Fitting model on imbalanced datasets and how to fight bias#

This example illustrates the problem induced by learning on datasets having imbalanced classes. Subsequently, we compare different approaches alleviating these negative effects.

# Authors: Guillaume Lemaitre <g.lemaitre58@gmail.com>
# License: MIT
print(__doc__)

Problem definition#

We are dropping the following features:

  • “fnlwgt”: this feature was created while studying the “adult” dataset. Thus, we will not use this feature which is not acquired during the survey.

  • “education-num”: it is encoding the same information than “education”. Thus, we are removing one of these 2 features.

from sklearn.datasets import fetch_openml

df, y = fetch_openml("adult", version=2, as_frame=True, return_X_y=True)
df = df.drop(columns=["fnlwgt", "education-num"])
/home/circleci/miniconda/envs/testenv/lib/python3.10/site-packages/sklearn/datasets/_openml.py:932: FutureWarning: The default value of `parser` will change from `'liac-arff'` to `'auto'` in 1.4. You can set `parser='auto'` to silence this warning. Therefore, an `ImportError` will be raised from 1.4 if the dataset is dense and pandas is not installed. Note that the pandas parser may return different data types. See the Notes Section in fetch_openml's API doc for details.
  warn(

The “adult” dataset as a class ratio of about 3:1

<=50K    37155
>50K     11687
Name: class, dtype: int64

This dataset is only slightly imbalanced. To better highlight the effect of learning from an imbalanced dataset, we will increase its ratio to 30:1

from imblearn.datasets import make_imbalance

ratio = 30
df_res, y_res = make_imbalance(
    df,
    y,
    sampling_strategy={classes_count.idxmin(): classes_count.max() // ratio},
)
y_res.value_counts()
<=50K    37155
>50K      1238
Name: class, dtype: int64

We will perform a cross-validation evaluation to get an estimate of the test score.

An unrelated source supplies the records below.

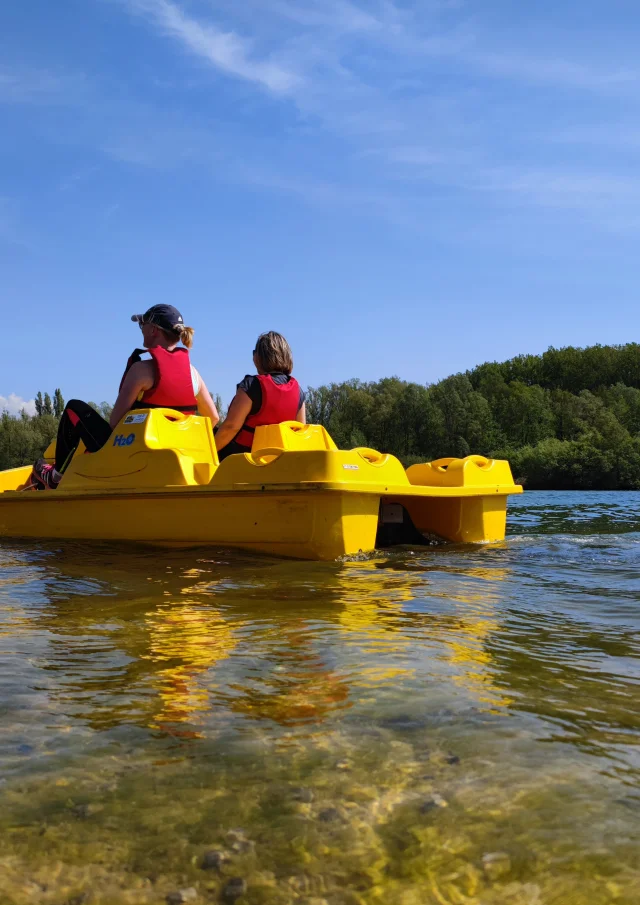 Base Nautique Gamaches Plein Air, pédalo sur l'étangs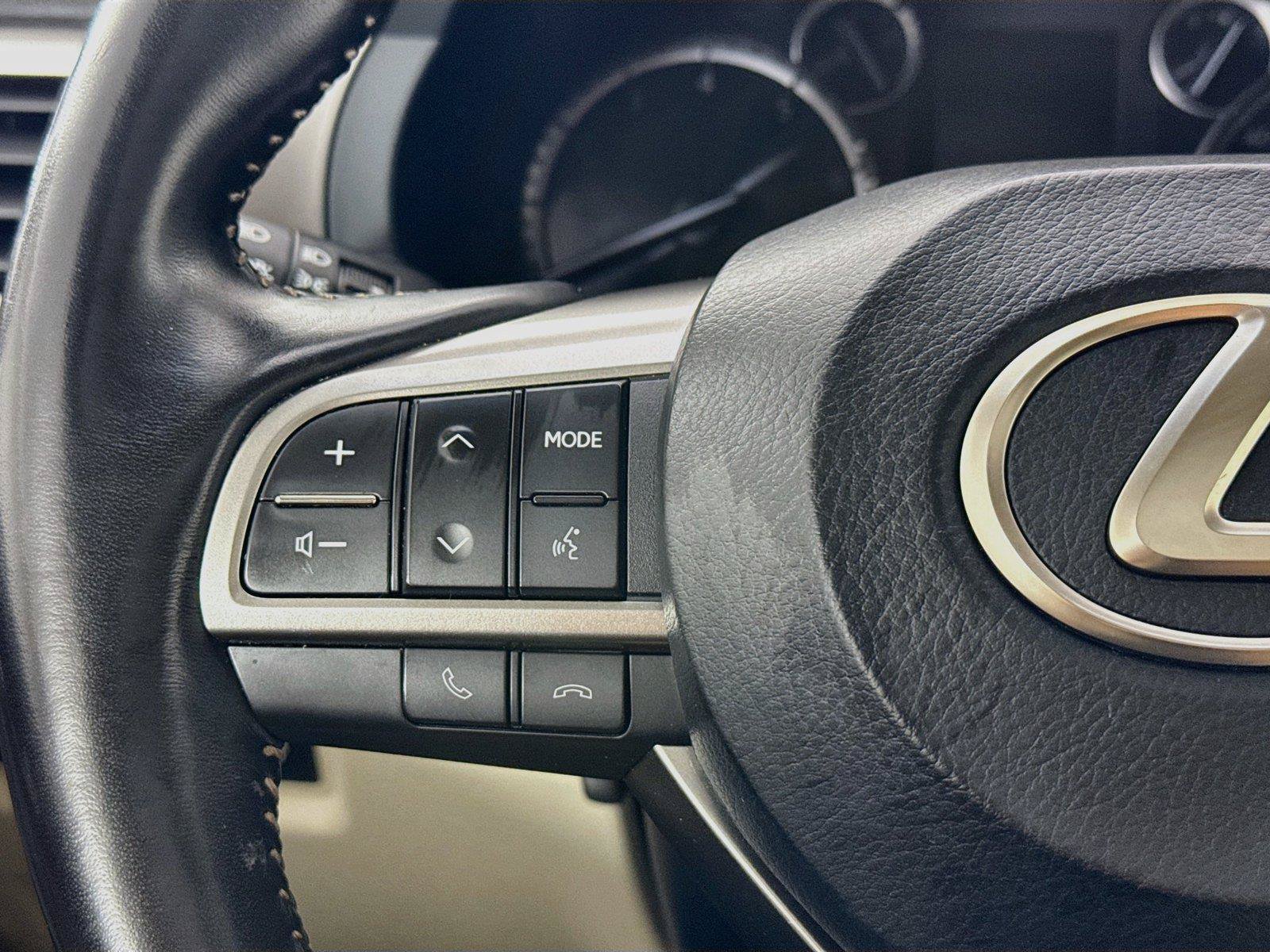 Used 2022 Lexus GX 460 Luxury w/ Sport Design Package AWD/4WD image 22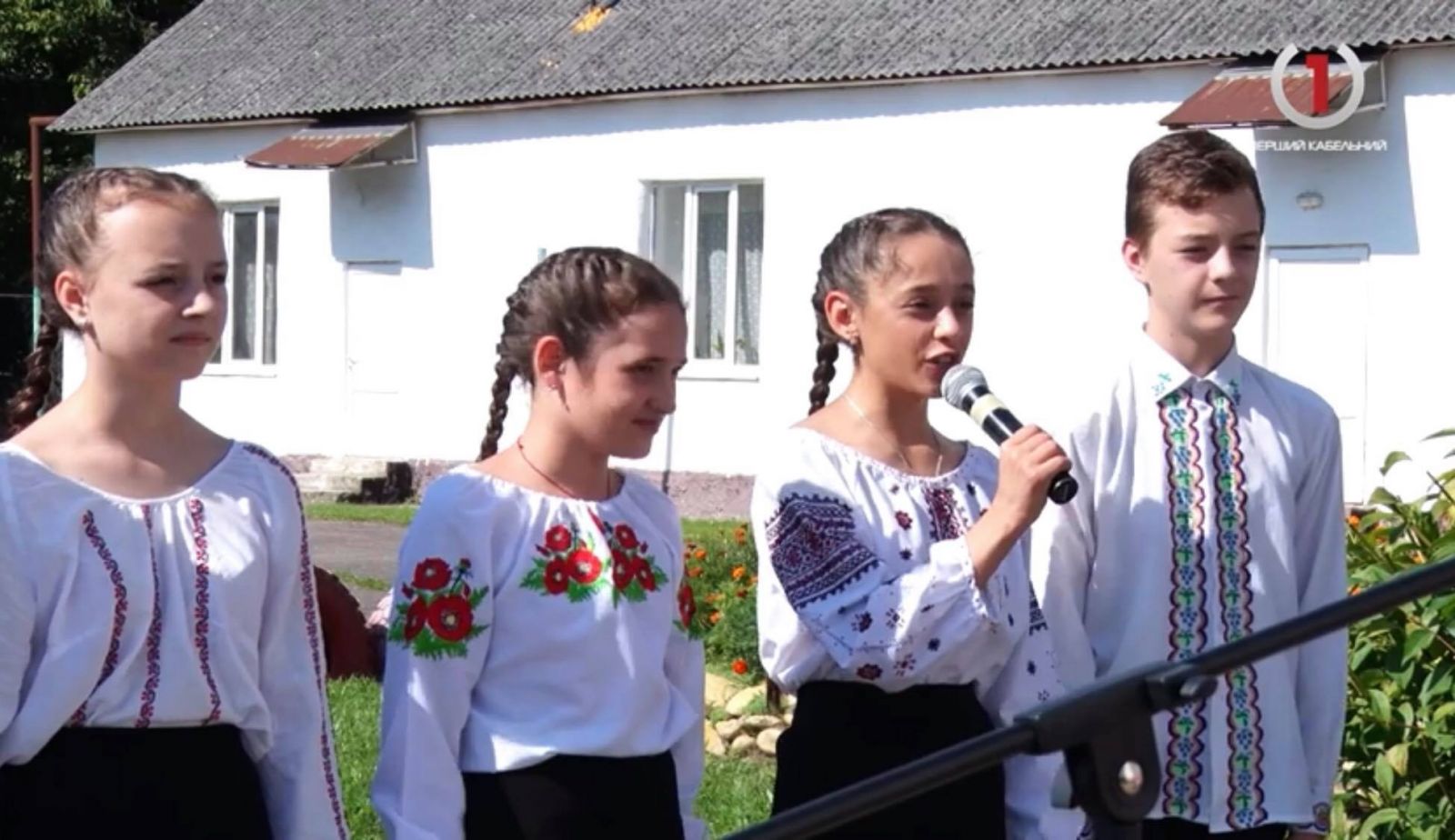 У Полянській громаді на Мукачівщині відкрили меморіал відомому чеху (ВІДЕО)
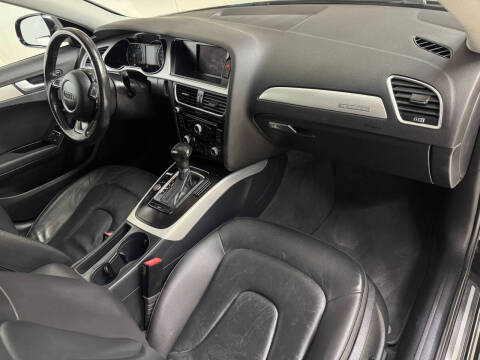 2016 Audi A4 2.0T quattro Premium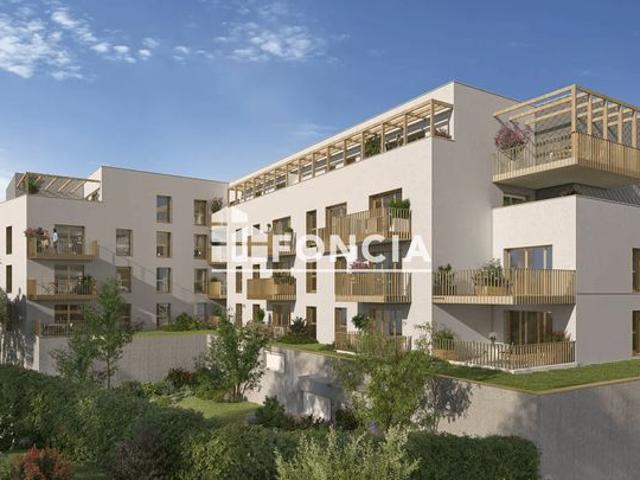 HYPER CENTRE Spacieux appartement T3, double exposition, grande terrasse, vue dégagée, belles prestations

As a baseline, we could use a classifier which will always predict the majority class independently of the features provided.

from sklearn.dummy import DummyClassifier
from sklearn.model_selection import cross_validate

dummy_clf = DummyClassifier(strategy="most_frequent")
scoring = ["accuracy", "balanced_accuracy"]
cv_result = cross_validate(dummy_clf, df_res, y_res, scoring=scoring)
print(f"Accuracy score of a dummy classifier: {cv_result['test_accuracy'].mean():.3f}")
Accuracy score of a dummy classifier: 0.968

Instead of using the accuracy, we can use the balanced accuracy which will take into account the balancing issue.

print(
    f"Balanced accuracy score of a dummy classifier: "
    f"{cv_result['test_balanced_accuracy'].mean():.3f}"
)
Balanced accuracy score of a dummy classifier: 0.500

Strategies to learn from an imbalanced dataset#

We will use a dictionary and a list to continuously store the results of our experiments and show them as a pandas dataframe.

index = []
scores = {"Accuracy": [], "Balanced accuracy": []}

Dummy baseline#

Before to train a real machine learning model, we can store the results obtained with our DummyClassifier.

import pandas as pd

index += ["Dummy classifier"]
cv_result = cross_validate(dummy_clf, df_res, y_res, scoring=scoring)
scores["Accuracy"].append(cv_result["test_accuracy"].mean())
scores["Balanced accuracy"].append(cv_result["test_balanced_accuracy"].mean())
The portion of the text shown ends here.